--- EXERCISE INPUT ---

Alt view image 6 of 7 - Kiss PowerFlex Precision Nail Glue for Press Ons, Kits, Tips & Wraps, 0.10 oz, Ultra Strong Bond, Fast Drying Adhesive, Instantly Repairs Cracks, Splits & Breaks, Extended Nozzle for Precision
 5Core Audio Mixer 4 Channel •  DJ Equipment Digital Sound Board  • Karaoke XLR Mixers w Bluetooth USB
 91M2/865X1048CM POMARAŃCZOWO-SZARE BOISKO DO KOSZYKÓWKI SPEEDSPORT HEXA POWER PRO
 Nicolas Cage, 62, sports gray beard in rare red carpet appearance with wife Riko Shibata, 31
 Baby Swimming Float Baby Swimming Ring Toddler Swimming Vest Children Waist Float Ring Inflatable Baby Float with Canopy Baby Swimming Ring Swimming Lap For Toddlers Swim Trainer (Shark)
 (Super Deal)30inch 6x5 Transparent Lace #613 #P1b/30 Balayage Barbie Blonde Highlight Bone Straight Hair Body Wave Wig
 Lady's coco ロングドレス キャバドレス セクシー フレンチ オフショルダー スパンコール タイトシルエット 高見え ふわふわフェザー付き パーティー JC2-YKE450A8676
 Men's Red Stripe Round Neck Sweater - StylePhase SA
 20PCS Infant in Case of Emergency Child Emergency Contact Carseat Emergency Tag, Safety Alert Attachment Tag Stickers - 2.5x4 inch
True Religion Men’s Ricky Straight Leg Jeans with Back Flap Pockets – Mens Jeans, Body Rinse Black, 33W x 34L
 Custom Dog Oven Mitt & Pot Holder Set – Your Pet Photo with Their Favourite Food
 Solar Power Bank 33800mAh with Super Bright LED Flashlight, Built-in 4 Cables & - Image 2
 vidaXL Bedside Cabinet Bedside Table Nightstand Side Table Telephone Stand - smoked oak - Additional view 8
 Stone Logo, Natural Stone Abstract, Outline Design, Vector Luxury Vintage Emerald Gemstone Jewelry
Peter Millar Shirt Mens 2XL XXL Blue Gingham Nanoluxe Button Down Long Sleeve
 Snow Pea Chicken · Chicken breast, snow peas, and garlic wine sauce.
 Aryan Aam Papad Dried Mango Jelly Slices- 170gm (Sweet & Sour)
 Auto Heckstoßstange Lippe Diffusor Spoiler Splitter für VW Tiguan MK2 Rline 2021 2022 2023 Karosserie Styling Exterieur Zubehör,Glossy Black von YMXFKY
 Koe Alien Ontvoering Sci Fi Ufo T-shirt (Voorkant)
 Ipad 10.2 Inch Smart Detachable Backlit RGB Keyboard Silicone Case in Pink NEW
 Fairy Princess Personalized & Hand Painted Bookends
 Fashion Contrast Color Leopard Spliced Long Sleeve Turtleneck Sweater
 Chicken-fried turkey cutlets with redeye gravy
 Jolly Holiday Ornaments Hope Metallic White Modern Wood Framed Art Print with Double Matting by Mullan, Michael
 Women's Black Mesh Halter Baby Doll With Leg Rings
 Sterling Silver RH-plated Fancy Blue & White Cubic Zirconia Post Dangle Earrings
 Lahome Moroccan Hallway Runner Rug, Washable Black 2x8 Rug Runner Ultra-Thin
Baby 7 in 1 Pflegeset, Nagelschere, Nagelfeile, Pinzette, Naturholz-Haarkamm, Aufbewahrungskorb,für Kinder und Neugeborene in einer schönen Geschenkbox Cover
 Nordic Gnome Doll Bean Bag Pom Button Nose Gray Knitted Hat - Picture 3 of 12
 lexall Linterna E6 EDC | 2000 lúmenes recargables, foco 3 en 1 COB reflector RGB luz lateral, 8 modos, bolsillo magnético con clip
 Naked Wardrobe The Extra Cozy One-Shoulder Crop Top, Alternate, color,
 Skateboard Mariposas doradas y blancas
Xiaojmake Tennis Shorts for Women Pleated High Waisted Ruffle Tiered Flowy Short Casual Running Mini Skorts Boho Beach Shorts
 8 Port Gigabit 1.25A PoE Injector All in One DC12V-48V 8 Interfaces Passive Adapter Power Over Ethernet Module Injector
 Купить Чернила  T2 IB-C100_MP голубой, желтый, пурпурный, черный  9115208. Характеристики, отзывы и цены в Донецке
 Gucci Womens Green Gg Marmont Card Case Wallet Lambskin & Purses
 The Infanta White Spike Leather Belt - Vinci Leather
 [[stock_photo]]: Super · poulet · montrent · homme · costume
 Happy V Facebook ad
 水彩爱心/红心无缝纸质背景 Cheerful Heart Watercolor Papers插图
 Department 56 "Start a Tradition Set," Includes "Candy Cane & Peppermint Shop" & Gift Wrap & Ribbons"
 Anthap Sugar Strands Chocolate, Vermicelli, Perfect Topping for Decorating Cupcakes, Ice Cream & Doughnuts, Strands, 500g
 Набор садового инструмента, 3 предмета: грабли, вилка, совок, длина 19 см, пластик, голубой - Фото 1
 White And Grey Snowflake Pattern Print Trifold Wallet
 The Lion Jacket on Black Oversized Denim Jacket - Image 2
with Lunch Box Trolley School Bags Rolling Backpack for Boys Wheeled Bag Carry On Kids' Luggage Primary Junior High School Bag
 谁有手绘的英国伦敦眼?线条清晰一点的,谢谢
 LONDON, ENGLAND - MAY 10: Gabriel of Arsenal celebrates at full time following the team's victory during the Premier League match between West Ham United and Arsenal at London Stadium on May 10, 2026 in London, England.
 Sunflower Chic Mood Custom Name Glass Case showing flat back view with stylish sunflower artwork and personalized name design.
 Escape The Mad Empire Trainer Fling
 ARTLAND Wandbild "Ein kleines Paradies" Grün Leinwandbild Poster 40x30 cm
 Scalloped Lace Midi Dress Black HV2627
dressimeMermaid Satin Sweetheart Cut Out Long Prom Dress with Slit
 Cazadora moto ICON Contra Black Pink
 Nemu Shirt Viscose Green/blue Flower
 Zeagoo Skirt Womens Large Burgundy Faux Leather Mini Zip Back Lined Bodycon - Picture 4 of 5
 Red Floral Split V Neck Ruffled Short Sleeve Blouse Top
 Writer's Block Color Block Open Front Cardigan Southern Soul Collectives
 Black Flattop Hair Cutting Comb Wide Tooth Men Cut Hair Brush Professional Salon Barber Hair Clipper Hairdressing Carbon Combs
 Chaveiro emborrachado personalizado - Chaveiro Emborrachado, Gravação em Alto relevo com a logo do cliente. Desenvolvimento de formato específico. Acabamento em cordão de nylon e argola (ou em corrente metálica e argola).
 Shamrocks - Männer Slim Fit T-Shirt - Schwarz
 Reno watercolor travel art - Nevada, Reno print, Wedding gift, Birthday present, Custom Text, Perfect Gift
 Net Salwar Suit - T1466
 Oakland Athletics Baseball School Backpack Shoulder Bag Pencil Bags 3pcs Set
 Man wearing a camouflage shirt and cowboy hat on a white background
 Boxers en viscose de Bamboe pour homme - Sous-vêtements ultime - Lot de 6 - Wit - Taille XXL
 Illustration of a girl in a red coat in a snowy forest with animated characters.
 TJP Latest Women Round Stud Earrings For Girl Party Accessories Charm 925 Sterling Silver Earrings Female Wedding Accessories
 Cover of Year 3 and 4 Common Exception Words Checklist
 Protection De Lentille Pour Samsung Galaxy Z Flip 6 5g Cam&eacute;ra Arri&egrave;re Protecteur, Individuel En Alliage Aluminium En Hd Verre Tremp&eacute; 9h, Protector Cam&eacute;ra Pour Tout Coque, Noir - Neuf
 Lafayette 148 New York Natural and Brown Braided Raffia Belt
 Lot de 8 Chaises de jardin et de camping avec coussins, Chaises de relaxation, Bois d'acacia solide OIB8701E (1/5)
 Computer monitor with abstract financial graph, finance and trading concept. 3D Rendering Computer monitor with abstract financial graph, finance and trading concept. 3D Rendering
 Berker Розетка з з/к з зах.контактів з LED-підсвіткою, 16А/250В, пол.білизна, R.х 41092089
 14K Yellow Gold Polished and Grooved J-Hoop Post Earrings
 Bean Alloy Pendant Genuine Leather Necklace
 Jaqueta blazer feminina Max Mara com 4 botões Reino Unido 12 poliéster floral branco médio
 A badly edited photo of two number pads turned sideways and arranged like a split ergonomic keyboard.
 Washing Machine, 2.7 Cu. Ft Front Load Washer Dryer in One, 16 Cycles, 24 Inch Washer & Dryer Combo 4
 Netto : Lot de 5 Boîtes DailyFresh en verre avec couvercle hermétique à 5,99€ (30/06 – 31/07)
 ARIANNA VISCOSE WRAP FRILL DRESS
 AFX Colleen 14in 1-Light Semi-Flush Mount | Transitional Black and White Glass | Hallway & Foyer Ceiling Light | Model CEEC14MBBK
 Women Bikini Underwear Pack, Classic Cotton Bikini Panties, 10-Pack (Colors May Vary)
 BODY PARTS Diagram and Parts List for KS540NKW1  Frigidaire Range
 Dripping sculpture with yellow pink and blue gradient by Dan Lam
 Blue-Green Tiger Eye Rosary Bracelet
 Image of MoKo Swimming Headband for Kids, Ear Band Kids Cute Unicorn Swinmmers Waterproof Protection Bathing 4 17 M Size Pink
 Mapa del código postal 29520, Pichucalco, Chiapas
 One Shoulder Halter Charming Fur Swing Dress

---

* TASK REQUIREMENTS:
In the entries above, please find the line with "Nicolas Cage, 62, sports" and the line with "Koe Alien Ontvoering", then write out exactly those two lines and every line between them, and nothing more.

* RESULT:
 Nicolas Cage, 62, sports gray beard in rare red carpet appearance with wife Riko Shibata, 31
 Baby Swimming Float Baby Swimming Ring Toddler Swimming Vest Children Waist Float Ring Inflatable Baby Float with Canopy Baby Swimming Ring Swimming Lap For Toddlers Swim Trainer (Shark)
 (Super Deal)30inch 6x5 Transparent Lace #613 #P1b/30 Balayage Barbie Blonde Highlight Bone Straight Hair Body Wave Wig
 Lady's coco ロングドレス キャバドレス セクシー フレンチ オフショルダー スパンコール タイトシルエット 高見え ふわふわフェザー付き パーティー JC2-YKE450A8676
 Men's Red Stripe Round Neck Sweater - StylePhase SA
 20PCS Infant in Case of Emergency Child Emergency Contact Carseat Emergency Tag, Safety Alert Attachment Tag Stickers - 2.5x4 inch
True Religion Men’s Ricky Straight Leg Jeans with Back Flap Pockets – Mens Jeans, Body Rinse Black, 33W x 34L
 Custom Dog Oven Mitt & Pot Holder Set – Your Pet Photo with Their Favourite Food
 Solar Power Bank 33800mAh with Super Bright LED Flashlight, Built-in 4 Cables & - Image 2
 vidaXL Bedside Cabinet Bedside Table Nightstand Side Table Telephone Stand - smoked oak - Additional view 8
 Stone Logo, Natural Stone Abstract, Outline Design, Vector Luxury Vintage Emerald Gemstone Jewelry
Peter Millar Shirt Mens 2XL XXL Blue Gingham Nanoluxe Button Down Long Sleeve
 Snow Pea Chicken · Chicken breast, snow peas, and garlic wine sauce.
 Aryan Aam Papad Dried Mango Jelly Slices- 170gm (Sweet & Sour)
 Auto Heckstoßstange Lippe Diffusor Spoiler Splitter für VW Tiguan MK2 Rline 2021 2022 2023 Karosserie Styling Exterieur Zubehör,Glossy Black von YMXFKY
 Koe Alien Ontvoering Sci Fi Ufo T-shirt (Voorkant)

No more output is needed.